While the disparity in total share is still significant, should this category continue to see online growth, Amazon may be poised to continue its overall share growth and pose a significant threat to Walmart.
Amazon vs Walmart Market Share in Small Appliances
Walmart has seen growth recently in small appliance sales across both channels – growing from 32 percent to nearly 37 percent of the market share in the last decade. The retailer has maintained its edge on the competition, though other retailers are beginning to gain on them. For example, Amazon has also seen growth, expanding from 3 percent of the total market share in 2009 to 15 percent of the market in 2019.
When looking at online shares of small appliances, Walmart and Amazon’s roles have been nearly reversed. Amazon’s growth is still apparent over the past decade, with their share of the online small appliance market growing from just under 29 percent in 2009 to almost 53 percent in 2019. Walmart has grown its position as well, going from 4 percent market share in 2009 to almost 12 percent in 2019.
Amazon vs Walmart – Market Share in Grocery
While TraQline does not track consumer package goods or food products, grocery sales are still a point of contention between Walmart and Amazon. In fact, Amazon specifically acquired Whole Foods in order to get a foothold into the market, as well as gain a more robust physical presence in the US. However, Whole Foods makes up a very small percentage of the brick and mortar grocery market. DigitalCommerce360 noted studies that found as of last year, Whole Foods won 2 percent of the brick and mortar market to Walmart’s almost 26 percent market share.
As consumers become more comfortable with the idea of purchasing their groceries online, Amazon is reaping the benefits. They currently account for approximately 30 percent of online grocery sales.
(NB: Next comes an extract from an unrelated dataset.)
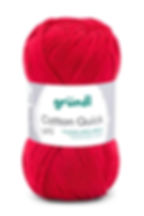 Fil à tricoter Grundl Cotton quick uni 100 % coton 147 rouge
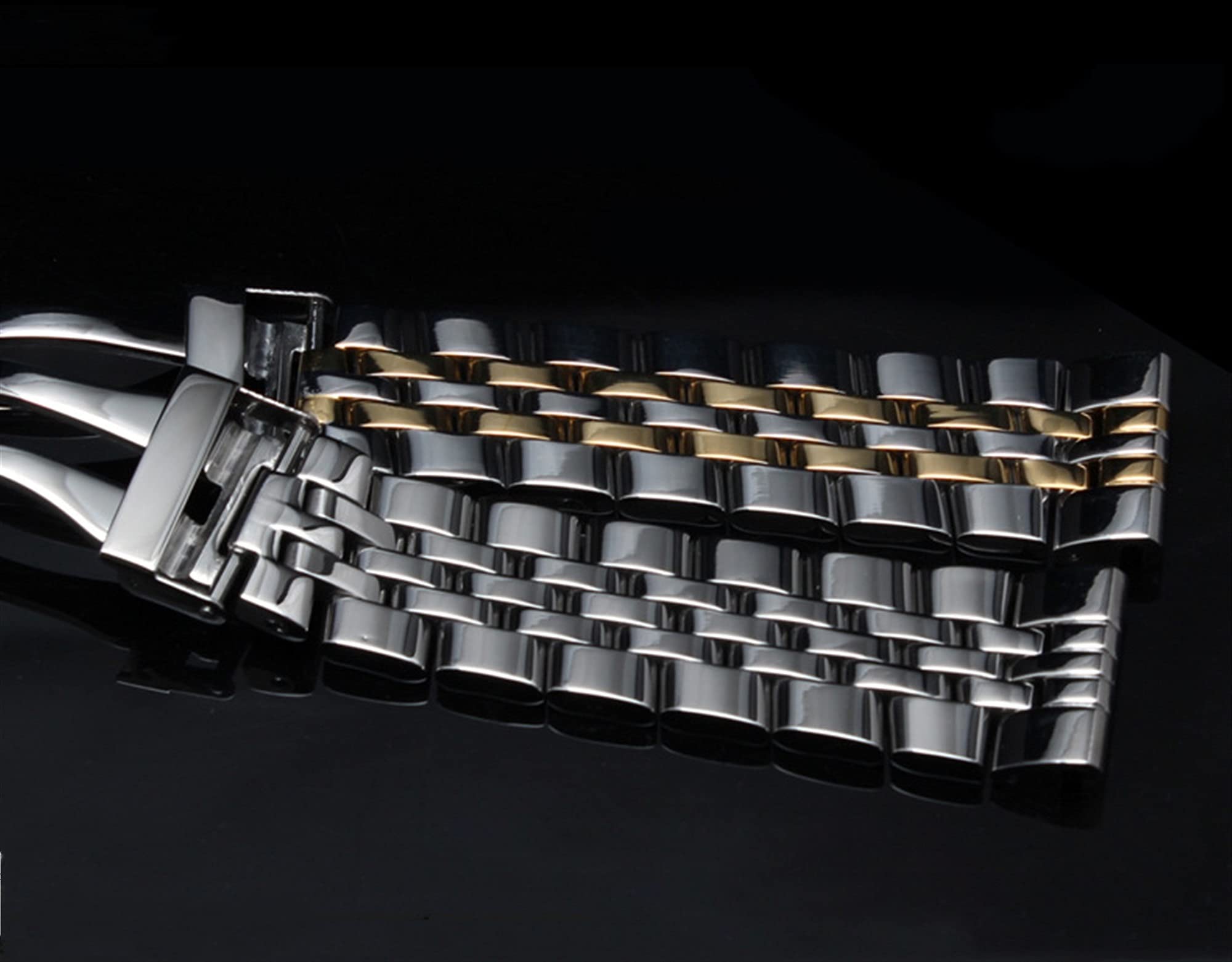 Uhrenarmband aus 316L-Edelstahl, massives Metallarmband für Herrenuhr mit Schnellverschluss, 22 mm, 24 mm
However, Walmart is working hard to catch up—per an article by eMarketer, they grew their share more rapidly in 2018 than Amazon did, and consumers prefer the option to “Buy Online, Pick Up In Store” (or at the curb, as it were). Amazon’s lack of a physical footprint means that online orders are more typically delivered to people’s homes, though they’ve been pioneering leaving orders in consumers’ trunks, garages, or inside the front door, leveraging partnerships with other companies, as well as their own smart home integrations.
And the winner is…?
As Amazon and Walmart battle for market share, both have been transformative players in American consumers’ lives. As The Verge has written, the moves they make in the market will change how shoppers in the US buy everything from packaged goods to home furniture. Currently, Walmart maintains an edge on Amazon due to its deep physical footprints and proximity to the average shopper. When looking at just online sales, Amazon still has a significant lead. Walmart has acquired other companies like Jet.Com, and clothing stores such as Bonobos and Modcloth in order to be more competitive, but they have yet to make a large dent in Amazon’s lead. At the same time, Amazon is expanding its physical presence after having been an online only company for most of its history. Whoever wins this battle for market share will be accessible to shoppers however they choose to shop: whether that is online or in a physical store.